____ Stored data

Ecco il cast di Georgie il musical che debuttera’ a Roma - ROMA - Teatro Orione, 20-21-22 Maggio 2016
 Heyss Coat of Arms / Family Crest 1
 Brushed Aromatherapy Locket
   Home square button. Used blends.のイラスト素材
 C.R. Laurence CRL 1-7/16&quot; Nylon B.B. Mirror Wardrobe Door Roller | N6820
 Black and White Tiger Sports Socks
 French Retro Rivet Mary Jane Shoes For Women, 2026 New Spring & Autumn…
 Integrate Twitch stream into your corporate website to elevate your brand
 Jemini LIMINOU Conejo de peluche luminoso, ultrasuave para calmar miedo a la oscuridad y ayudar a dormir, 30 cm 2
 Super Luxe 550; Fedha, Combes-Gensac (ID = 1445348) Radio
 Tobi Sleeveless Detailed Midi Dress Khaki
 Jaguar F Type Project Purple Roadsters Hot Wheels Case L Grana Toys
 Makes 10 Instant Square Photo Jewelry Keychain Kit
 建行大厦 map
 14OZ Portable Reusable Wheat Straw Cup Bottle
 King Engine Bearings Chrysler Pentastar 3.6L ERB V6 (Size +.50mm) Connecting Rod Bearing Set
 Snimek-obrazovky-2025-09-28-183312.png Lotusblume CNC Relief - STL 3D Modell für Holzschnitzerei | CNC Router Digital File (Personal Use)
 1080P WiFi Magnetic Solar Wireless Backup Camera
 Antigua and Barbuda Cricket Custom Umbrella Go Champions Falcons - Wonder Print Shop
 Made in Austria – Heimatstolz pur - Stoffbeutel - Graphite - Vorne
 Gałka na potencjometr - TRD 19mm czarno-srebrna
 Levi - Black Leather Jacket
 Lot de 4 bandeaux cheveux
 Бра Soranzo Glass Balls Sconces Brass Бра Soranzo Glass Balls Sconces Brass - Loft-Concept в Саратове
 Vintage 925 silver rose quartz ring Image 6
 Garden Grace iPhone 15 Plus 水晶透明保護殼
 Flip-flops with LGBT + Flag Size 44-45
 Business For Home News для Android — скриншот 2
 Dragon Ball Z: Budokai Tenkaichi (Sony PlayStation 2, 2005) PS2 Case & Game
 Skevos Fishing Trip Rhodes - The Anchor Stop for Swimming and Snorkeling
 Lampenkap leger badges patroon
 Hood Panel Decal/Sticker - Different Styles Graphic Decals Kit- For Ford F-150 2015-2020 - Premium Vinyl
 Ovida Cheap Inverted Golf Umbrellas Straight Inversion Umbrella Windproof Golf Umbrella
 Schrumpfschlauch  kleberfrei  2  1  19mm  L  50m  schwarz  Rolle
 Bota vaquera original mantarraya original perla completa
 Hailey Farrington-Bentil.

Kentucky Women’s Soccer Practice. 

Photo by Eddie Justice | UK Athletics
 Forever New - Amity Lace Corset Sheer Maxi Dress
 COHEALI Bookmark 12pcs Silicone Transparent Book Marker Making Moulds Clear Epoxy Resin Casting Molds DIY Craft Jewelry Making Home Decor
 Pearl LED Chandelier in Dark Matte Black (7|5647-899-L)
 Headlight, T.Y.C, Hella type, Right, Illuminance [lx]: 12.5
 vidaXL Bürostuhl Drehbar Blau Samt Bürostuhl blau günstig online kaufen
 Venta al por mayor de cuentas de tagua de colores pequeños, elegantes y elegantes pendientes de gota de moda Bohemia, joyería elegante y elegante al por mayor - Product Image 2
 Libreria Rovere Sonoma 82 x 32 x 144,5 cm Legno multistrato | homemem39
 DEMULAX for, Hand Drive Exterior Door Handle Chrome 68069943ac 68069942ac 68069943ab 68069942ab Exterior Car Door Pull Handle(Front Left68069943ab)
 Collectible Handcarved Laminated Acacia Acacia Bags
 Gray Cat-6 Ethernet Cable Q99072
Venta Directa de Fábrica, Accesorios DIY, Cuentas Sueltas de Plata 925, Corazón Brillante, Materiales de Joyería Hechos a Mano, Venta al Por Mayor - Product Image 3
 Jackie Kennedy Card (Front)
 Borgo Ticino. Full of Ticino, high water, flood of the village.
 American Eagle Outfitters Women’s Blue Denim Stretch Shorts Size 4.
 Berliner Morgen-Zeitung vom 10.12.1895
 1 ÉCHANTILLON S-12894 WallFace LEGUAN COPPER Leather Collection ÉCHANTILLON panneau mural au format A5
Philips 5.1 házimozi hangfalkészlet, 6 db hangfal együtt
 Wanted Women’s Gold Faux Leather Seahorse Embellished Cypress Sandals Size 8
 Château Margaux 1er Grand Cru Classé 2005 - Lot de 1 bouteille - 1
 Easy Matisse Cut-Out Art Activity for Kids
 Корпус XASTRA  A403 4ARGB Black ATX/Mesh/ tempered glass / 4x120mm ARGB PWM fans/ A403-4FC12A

________

▸ What the exercise asks:
What is needed is the number of lines in the data that contain "Case", given with nothing else.

▸ Problem solution:
2